Também em 1775, Boulogne compôs duas sinfonias concertantes para dois violinos e orquestra, sua contribuição inicial para um gênero que ele e outros compositores franceses da época ajudariam a definir. Um híbrido do concerto grosso barroco e do concerto clássico, a sinfonia concertante geralmente trazia dois ou mais solistas em um diálogo de virtuoses que emulava um duelo musical. Boulogne compôs oito trabalhos desse tipo entre 1775 e 1778, fato que testemunha a demanda por eles presente na plateia francesa.

Em 1778, Mozart viajou a Paris, onde ficou de março a setembro, hospedado por pouco tempo sob o mesmo teto que Boulogne, na residência do conde Sickingen.
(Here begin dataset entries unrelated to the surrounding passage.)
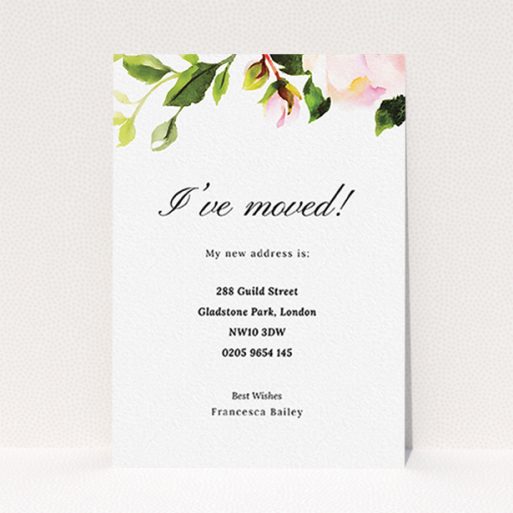 Change Of Address Card Design - "Rose Top" A change of address card called "Rose Top". It is an A6 card in a portrait orientation. "Rose Top" is available as a flat card, with tones of pink and green.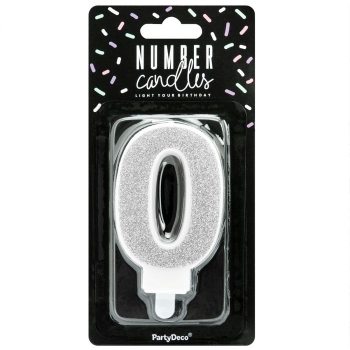Number Candle - 0 – Silver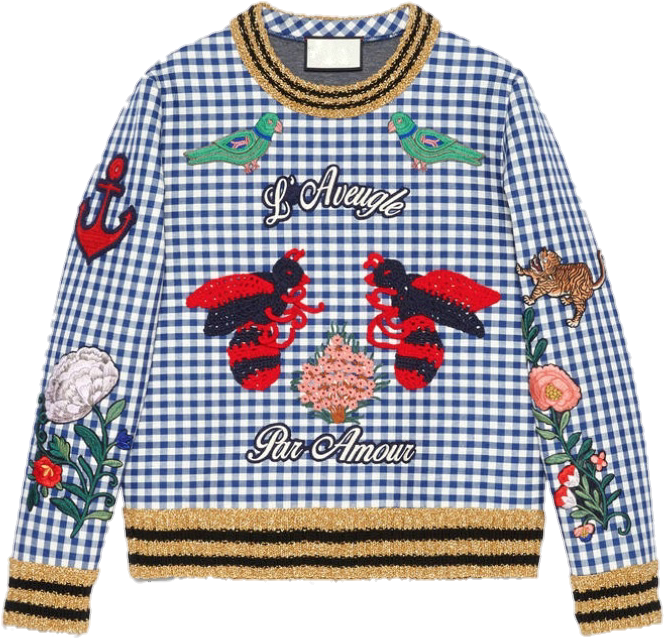 Indie Designs Check Jersey Embroidered Sweatshirt - V Gucci Bts (710x681), Png Download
É no mínimo implausível supor que Mozart não tenha pelo menos ouvido a música de Boulogne nessa época. Fato interessante, a primeira composição de Mozart depois de retornar à Áustria foi sua "Sinfonia Concertante em Mi Bemol".

E em artigo publicado em 1990 no Black Music Research Journal, Gabriel Banat aponta as semelhanças notáveis entre um techo do Concerto de Violino de Boulogne, de 1777, e um trecho da "K. 364" de Mozart, do ano seguinte. O gesto em questão é recorrente nas composições de Boulogne para solos de instrumentos de corda —uma sequência difícil que sobe até o registro mais alto do instrumento, seguida por uma queda dramática—, mas nunca antes havia aparecido na obra de Mozart até esse Presto.
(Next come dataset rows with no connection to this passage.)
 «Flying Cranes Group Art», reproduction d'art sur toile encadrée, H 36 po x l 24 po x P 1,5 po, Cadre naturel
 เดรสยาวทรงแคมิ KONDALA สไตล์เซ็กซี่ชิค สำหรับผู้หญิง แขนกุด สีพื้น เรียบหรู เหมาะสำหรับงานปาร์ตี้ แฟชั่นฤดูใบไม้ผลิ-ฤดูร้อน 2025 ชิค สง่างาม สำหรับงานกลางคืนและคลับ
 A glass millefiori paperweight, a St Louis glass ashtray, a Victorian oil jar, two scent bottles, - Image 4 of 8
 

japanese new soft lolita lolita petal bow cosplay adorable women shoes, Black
Quando a falta de financiamento obrigou a Concert des Amateurs a fechar, em 1781, Boulogne e seus músicos encontraram acolhida na recém-formada Concert de la Loge Olympique, que em pouco tempo conquistou a fama de melhor orquestra da Europa. Foi com ela que Boulogne regeu a primeira das seis sinfonias parisienses de Haydn, entre vários outros trabalhos encomendados importantes.

Desencorajado por sua falta de sucesso com a ópera, com a diminuição do patrocínio devida às transformações no cenário político e por seu ativismo crescente na Revolução Francesa como oficial alistado, perto do final da vida Boulogne reduziu fortemente suas atividades musicais. Ele morreu em 1799, não na miséria, mas certamente como uma figura muito menos relevante e valorizada na sociedade francesa do que havia sido duas décadas antes.

Mesmo assim, sua influência na França e fora do país, como curador e criador, continuou a ser sentida por muito tempo após sua morte. É fato notável que sua música tenha sobrevivido a dois séculos do descaso provocado pelo racismo sistêmico que permeia a noção de um cânone ocidental. Nem sua omissão dos livros didáticos de história da música —dos dois usados nos Estados Unidos, Boulogne é mencionado apenas vagamente em um e é omitido de outro— nem a ausência de qualquer defesa dele por parte de programadores, editoras musicais e gravadoras puderam apagá-lo completamente.

Essa é a prova cabal de que Boulogne não precisa ser o segundo melhor em relação a ninguém, e muito menos o eco negro de alguém. Por isso tudo, não vejo a hora de assistir ao filme, mas me poupem do apelido lamentável.